(by paco)先週木曜日に、whatセミナー「日本の現代史」day2を行いました。day1、day2で、現代史の基礎的な知識とメカニズムは頭に入れてもらったので、いよいよ今週のday3(最終回)では歴史から何を学ぶか、どんなことがわかるようになるのかをみんなでディスカッションしようと思います。
あらゆる知識はすべて同じですが、知識を吸収する主体である、僕ら1人ひとりがどのようなイシュー(問題意識)をもつかによって、学べることも、意味合いもまったく違ってきます。
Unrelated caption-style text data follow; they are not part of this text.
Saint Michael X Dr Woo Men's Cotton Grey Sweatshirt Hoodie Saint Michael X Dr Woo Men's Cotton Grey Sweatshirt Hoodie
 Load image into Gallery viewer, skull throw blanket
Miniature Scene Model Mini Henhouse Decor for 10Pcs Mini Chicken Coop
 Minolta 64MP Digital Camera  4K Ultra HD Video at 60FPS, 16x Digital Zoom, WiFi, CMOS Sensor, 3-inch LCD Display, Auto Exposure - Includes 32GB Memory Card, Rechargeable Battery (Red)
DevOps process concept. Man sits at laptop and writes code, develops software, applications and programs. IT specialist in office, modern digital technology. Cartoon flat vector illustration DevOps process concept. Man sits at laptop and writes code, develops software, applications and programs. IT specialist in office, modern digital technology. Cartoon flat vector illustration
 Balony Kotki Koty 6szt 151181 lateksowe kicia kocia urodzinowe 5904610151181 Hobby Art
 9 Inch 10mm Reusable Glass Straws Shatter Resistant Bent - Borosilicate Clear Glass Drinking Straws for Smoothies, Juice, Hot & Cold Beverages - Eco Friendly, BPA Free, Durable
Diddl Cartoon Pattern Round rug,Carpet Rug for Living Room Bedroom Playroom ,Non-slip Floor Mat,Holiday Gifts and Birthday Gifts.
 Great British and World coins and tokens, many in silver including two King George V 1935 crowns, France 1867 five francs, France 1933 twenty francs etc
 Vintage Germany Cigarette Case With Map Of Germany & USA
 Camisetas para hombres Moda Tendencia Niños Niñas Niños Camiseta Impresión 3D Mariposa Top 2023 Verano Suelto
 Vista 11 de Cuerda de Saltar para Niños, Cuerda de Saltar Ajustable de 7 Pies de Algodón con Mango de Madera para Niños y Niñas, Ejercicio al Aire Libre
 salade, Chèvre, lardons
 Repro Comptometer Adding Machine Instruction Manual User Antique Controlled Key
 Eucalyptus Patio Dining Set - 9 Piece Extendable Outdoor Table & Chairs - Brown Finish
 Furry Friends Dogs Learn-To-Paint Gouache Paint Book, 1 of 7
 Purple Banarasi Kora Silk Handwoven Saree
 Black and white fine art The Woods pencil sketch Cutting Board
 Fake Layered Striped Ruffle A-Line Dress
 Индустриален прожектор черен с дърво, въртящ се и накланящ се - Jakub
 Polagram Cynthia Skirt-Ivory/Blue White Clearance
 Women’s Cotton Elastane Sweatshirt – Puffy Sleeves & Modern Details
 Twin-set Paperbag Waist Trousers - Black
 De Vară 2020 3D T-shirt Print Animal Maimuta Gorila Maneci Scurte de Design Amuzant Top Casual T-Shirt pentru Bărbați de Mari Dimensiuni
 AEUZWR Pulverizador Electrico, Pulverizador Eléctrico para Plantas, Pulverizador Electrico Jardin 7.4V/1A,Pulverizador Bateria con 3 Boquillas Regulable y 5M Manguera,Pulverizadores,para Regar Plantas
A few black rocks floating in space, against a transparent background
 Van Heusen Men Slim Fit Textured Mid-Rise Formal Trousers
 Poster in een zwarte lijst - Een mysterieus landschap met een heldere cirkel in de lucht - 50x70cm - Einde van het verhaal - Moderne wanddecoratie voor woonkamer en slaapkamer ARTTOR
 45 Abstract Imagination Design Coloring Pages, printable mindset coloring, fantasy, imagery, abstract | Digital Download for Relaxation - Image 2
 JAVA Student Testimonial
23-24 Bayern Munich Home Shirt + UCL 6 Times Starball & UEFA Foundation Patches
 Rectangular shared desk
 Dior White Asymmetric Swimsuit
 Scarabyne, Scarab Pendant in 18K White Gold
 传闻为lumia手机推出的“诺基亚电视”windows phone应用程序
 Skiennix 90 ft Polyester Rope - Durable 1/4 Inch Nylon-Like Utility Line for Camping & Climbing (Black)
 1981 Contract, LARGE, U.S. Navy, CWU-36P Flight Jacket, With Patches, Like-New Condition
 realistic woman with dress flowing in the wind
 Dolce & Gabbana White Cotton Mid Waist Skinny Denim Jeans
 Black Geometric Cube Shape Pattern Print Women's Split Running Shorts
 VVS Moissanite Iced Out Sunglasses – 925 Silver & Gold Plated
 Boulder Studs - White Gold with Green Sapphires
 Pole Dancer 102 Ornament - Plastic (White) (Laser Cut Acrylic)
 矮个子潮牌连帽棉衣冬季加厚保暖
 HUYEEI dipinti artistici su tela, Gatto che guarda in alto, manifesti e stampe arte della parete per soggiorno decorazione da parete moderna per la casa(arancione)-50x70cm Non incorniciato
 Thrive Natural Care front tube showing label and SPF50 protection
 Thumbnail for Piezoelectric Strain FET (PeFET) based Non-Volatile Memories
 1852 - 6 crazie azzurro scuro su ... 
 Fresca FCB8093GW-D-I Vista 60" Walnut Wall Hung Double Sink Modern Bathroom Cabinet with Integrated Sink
学校時代に学んだ歴史では、年号や人物名、できごとを精確に理解することが歴史だと教えられてきました。つまり、「客観的」な事実を正確に生ぶことであり、だからこそ年号や漢字が重要でした。そのため、もっとすごいことには、ギリシャ人やアラブ人の人名をカタカナ表記したときにどのように書くと正解で、どのように書くと不正解、などということが受験テクニックとして教えられています。今でも覚えていますが、ギリシャ人の「ツキジデス」を「チューキヂデース」「ティーキュジディース」などと書くと不正解になるので、ヘタにギリシャ語に近い表示をしないで、「東京の市場は?」「築地です」と覚えなさいと、予備校の先生に習ったわけです。そんな話は覚えているのに、ツキジデスが何をした人か、さっぱり覚えていません。実にくだらないですね。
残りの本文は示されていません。